* **What needs to be done**:
Except for images, print the whole listing verbatim.

* **Data provided**:

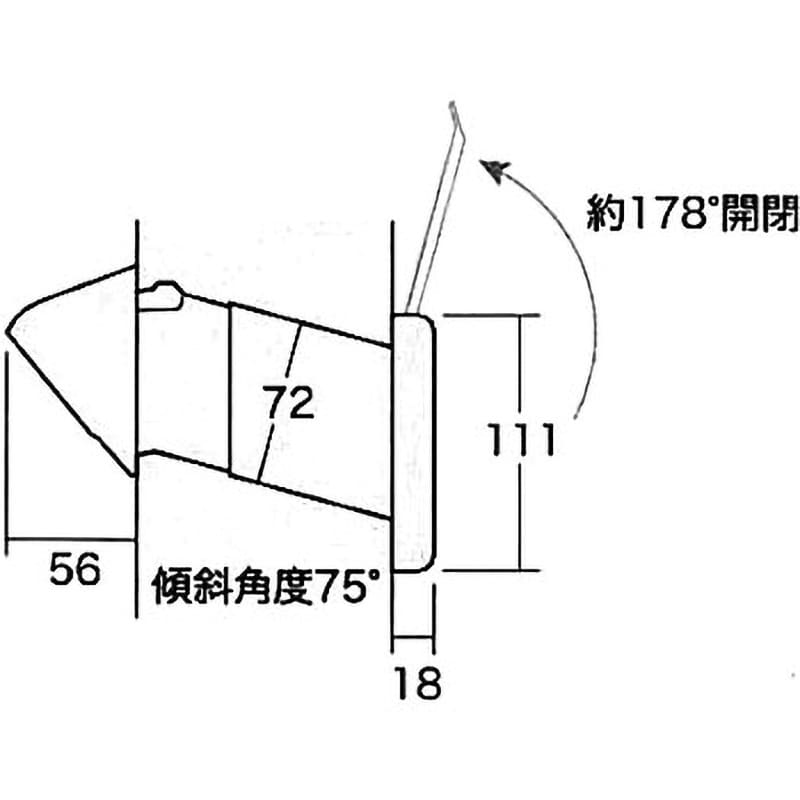 大壁用 No30ステンレスシュート 内フタ付気密型 大壁用 1台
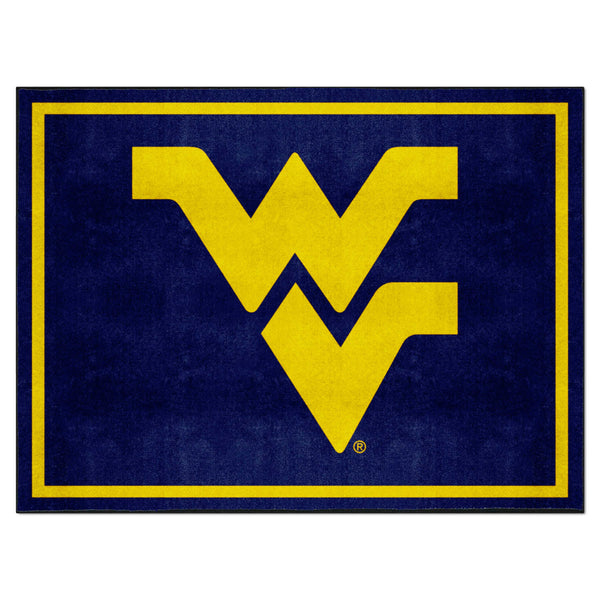 West Virginia University 8x10 Rug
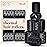 Kitsch Ceramic Thermal Hair Rollers for Women - Self Grip Hair Curlers for Heatless Curls Overnight - Volumizing Large Rollers for Short & Long Hair - For Long Lasting Frizz-Free Curls - Black, 8pcs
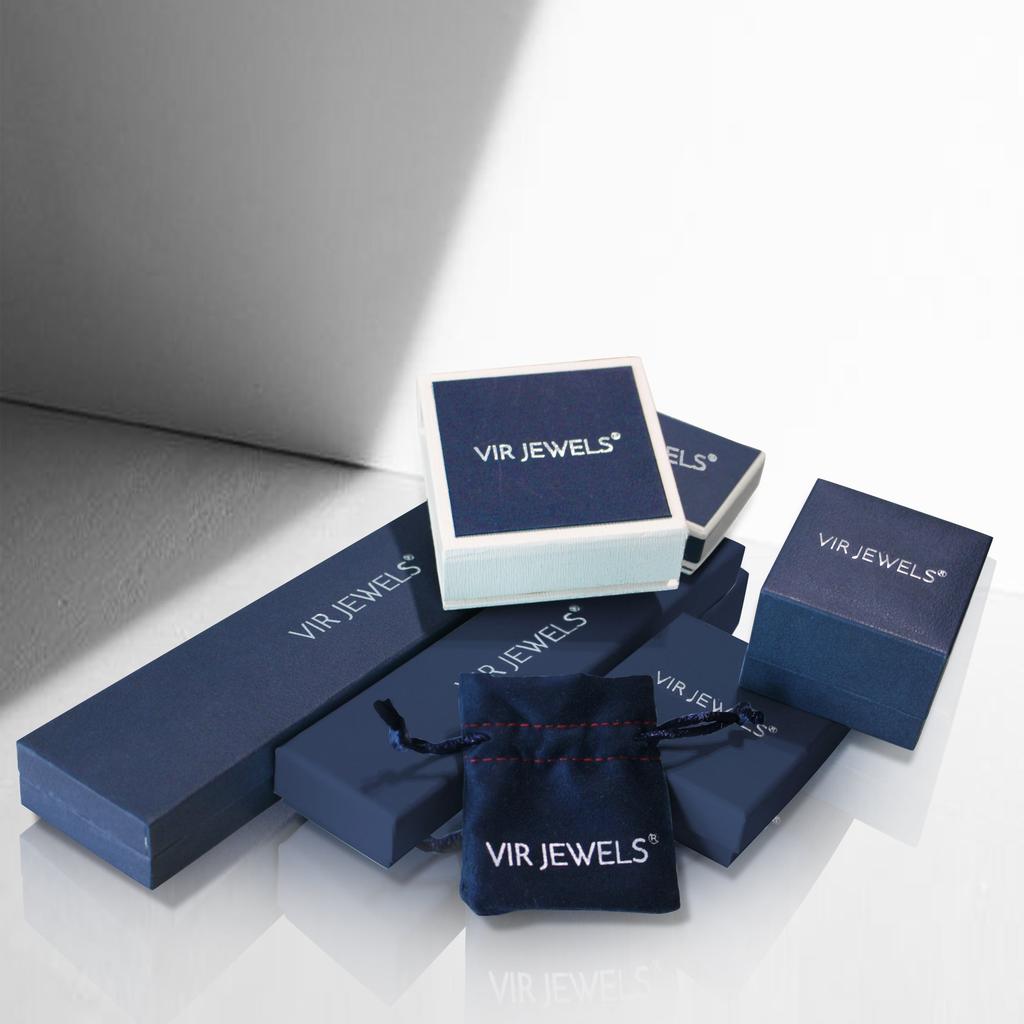 Vir Jewels 1/2 cttw Inside Out Diamond Hoop Earrings .925 Sterling Silver 1 Vir Jewels 1⁄2 CTTW 5 Stone Diamond Ring Engagement Bridal in 14K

* **Answer**:
 大壁用 No30ステンレスシュート 内フタ付気密型 大壁用 1台
 West Virginia University 8x10 Rug
 Kitsch Ceramic Thermal Hair Rollers for Women - Self Grip Hair Curlers for Heatless Curls Overnight - Volumizing Large Rollers for Short & Long Hair - For Long Lasting Frizz-Free Curls - Black, 8pcs
 Vir Jewels 1/2 cttw Inside Out Diamond Hoop Earrings .925 Sterling Silver 1 Vir Jewels 1⁄2 CTTW 5 Stone Diamond Ring Engagement Bridal in 14K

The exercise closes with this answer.